TASK BRIEF: The answer must be every line of the records in which the string "media" appears.

---------- LISTED ENTRIES ----------

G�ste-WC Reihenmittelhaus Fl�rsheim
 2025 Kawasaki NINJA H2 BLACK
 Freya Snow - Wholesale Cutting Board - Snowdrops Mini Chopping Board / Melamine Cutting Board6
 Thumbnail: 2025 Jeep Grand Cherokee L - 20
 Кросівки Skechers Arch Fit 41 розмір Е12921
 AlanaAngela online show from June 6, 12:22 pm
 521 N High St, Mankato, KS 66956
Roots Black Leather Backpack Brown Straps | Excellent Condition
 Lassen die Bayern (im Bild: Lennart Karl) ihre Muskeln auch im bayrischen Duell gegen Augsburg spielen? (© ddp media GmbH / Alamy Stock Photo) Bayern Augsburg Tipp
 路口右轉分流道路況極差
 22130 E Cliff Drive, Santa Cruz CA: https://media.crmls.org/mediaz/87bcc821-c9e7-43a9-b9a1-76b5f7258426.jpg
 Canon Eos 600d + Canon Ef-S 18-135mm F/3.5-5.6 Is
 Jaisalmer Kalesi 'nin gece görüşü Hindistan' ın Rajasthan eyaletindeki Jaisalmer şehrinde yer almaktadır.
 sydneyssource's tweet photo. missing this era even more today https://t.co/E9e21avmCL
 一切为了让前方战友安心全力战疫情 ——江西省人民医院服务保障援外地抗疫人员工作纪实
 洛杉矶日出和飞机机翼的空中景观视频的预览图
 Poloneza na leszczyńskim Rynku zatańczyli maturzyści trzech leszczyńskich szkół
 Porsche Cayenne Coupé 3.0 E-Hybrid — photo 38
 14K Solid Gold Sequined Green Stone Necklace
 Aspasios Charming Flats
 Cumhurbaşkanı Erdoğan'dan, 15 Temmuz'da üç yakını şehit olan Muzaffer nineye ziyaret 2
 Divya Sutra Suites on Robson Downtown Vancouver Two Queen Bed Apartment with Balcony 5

----------

RESULT:
 Lassen die Bayern (im Bild: Lennart Karl) ihre Muskeln auch im bayrischen Duell gegen Augsburg spielen? (© ddp media GmbH / Alamy Stock Photo) Bayern Augsburg Tipp
 22130 E Cliff Drive, Santa Cruz CA: https://media.crmls.org/mediaz/87bcc821-c9e7-43a9-b9a1-76b5f7258426.jpg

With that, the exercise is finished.